Decisões de Parlamento.
2. Não tome decisões financeiras ou de obras sozinho
O bolso é o ponto mais sensível de um condomínio, e qualquer meandro na emprego das verbas pode gerar processos graves por apropriação indébita ou má gestão. Respeite sempre os limites orçamentários e os quóruns exigidos pelo Art. 1.341 do Código Social:
Obras necessárias (reparos urgentes, estrutura, segurança): Podem ser executadas pelo síndico sem reunião prévia caso sejam urgentes. Se não forem urgentes, exigem a aprovação da maioria dos condôminos presentes.
Obras úteis (que aumentam a utilidade da coisa generalidade, sem serem indispensáveis): exigem aprovação de maioria dos condôminos.
Obras voluptuárias (de mero embelezamento): exigem aprovação de 2/3 dos condôminos.
Use três orçamentos: para qualquer contratação significativa, apresente sempre no mínimo três orçamentos de empresas idôneas ao recomendação ou à reunião.
Preste contas mensalmente: mantenha as pastas contábeis digitalizadas e acessíveis. A transparência em tempo real elimina suspeitas antes que virem denúncias.
3. Garanta o recta de resguardo antes de impor multas
É fundamental compreender a diferença entre as sanções previstas no Código Social, pois os ritos de emprego são distintos:
Multa por delongado de prestação condominial (art. 1.336): Limite de até 2% sobre o débito, acrescido de juros e correção monetária. Não exige resguardo prévia, exclusivamente a comprovação da inadimplência.
Multa por descumprimento repetido de deveres (art. 1.337, caput ): Pode chegar a até 5 vezes o valor da prestação, mediante aprovação de 3/4 dos demais condôminos.
Multa por comportamento antissocial (art. 1.337, parágrafo único): Pode perceber até 10 vezes o valor da prestação. É justamente cá que mora o maior risco jurídico: o STJ já anulou multas dessa natureza aplicadas sem notificação prévia ao condômino, por violação ao recta de resguardo e ao contraditório. Na prática, antes de multar por comportamento antissocial, o recomendável é:
Enviar uma recado formal por escrito, documentando os fatos.
Se a infração persistir, impor a multa, mas confirmar ao morador um prazo para apresentar resguardo — o prazo exato deve estar previsto na convenção ou no regimento interno do condomínio (é generalidade encontrar prazos entre 10 e 30 dias, mas isso varia de prédio para prédio, não é uma regra fixada pelo Código Social).
4. Mantenha impessoalidade absoluta e evite exposições
O síndico representa uma instituição, nunca as suas vontades ou simpatias pessoais. Conflitos interpessoais podem escalar rapidamente para processos por injúria ou mordacidade.
Tratamento igualitário: aplique as regras com o mesmo rigor para o seu melhor camarada no prédio e para o morador com quem você não simpatiza.
Cobrança silenciosa: nunca exponha o nome ou o número do apartamento de moradores inadimplentes em áreas comuns, elevadores ou grupos de WhatsApp. A cobrança deve ser individual e discreta, via boleto, e-mail ou missiva protocolada.
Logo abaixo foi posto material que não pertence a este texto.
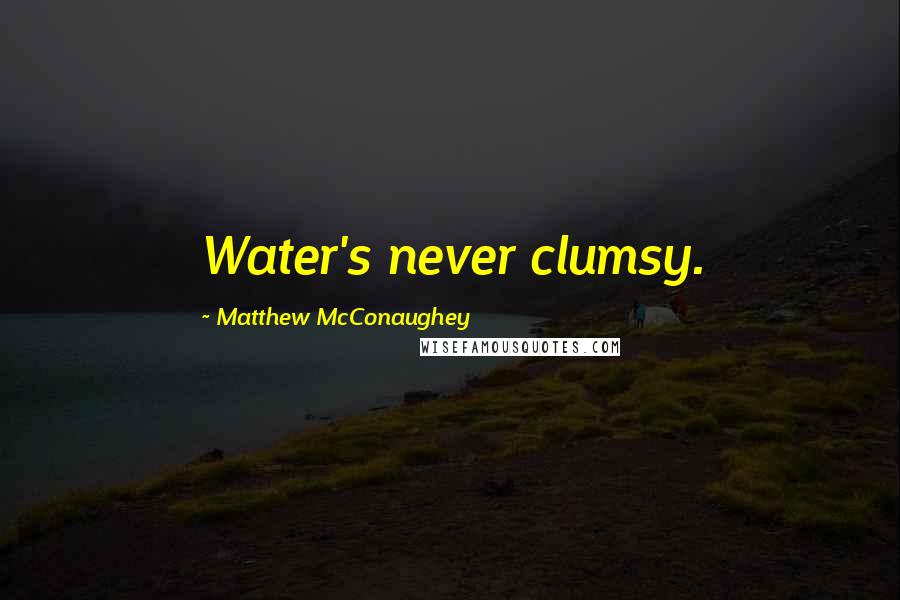 Matthew McConaughey Quotes: Water's never clumsy.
5. Registre tudo por escrito
No meio jurídico vigora a máxima: o que não está documentado não existe. O registro formal é a melhor proteção do gestor. Notificações, queixas de fragor ou solicitações devem tramitar exclusivamente por canais oficiais (aplicativo do condomínio, livro de ocorrências ou e-mail institucional). Evite fazer combinados em conversas informais de galeria. Em caso de incidentes (uma vez que um portão que atinge o veículo de um morador), tire fotos imediatamente, colha depoimentos dos funcionários e registre a dinâmica dos fatos na hora.
6. Seja proativo na manutenção preventiva
Se a preterição do síndico resultar em acidentes, ele responde social e criminalmente. O imprevidência com a infraestrutura do prédio é o caminho mais pequeno para processos de grande porte.
Mantenha rigorosamente em dia o AVCB (Auto de Vistoria do Corpo de Bombeiros), a manutenção dos elevadores, a limpeza das caixas d’chuva e a inspeção predial de fachadas e para-raios.
Proteção do gestor: Se o recomendação ou a reunião rejeitarem uma obra urgente de segurança (uma vez que o conserto de uma marquise com risco de queda), registre em ata que a responsabilidade social por eventuais acidentes passa a ser dos condôminos que votaram contra a recomendação técnica.
7. Não tente resolver casos de polícia com “poder de síndico”
O síndico é um gestor eleito, não um representante, juiz ou psicólogo. Tentar intervir além do escopo administrativo pode gerar processos por agravo ou constrangimento ilícito. Diante de brigas violentas, suspeita de crimes dentro de unidades ou ameaças diretas, oriente os funcionários a não intervirem fisicamente. A conduta correta é acionar a Polícia Militar imediatamente.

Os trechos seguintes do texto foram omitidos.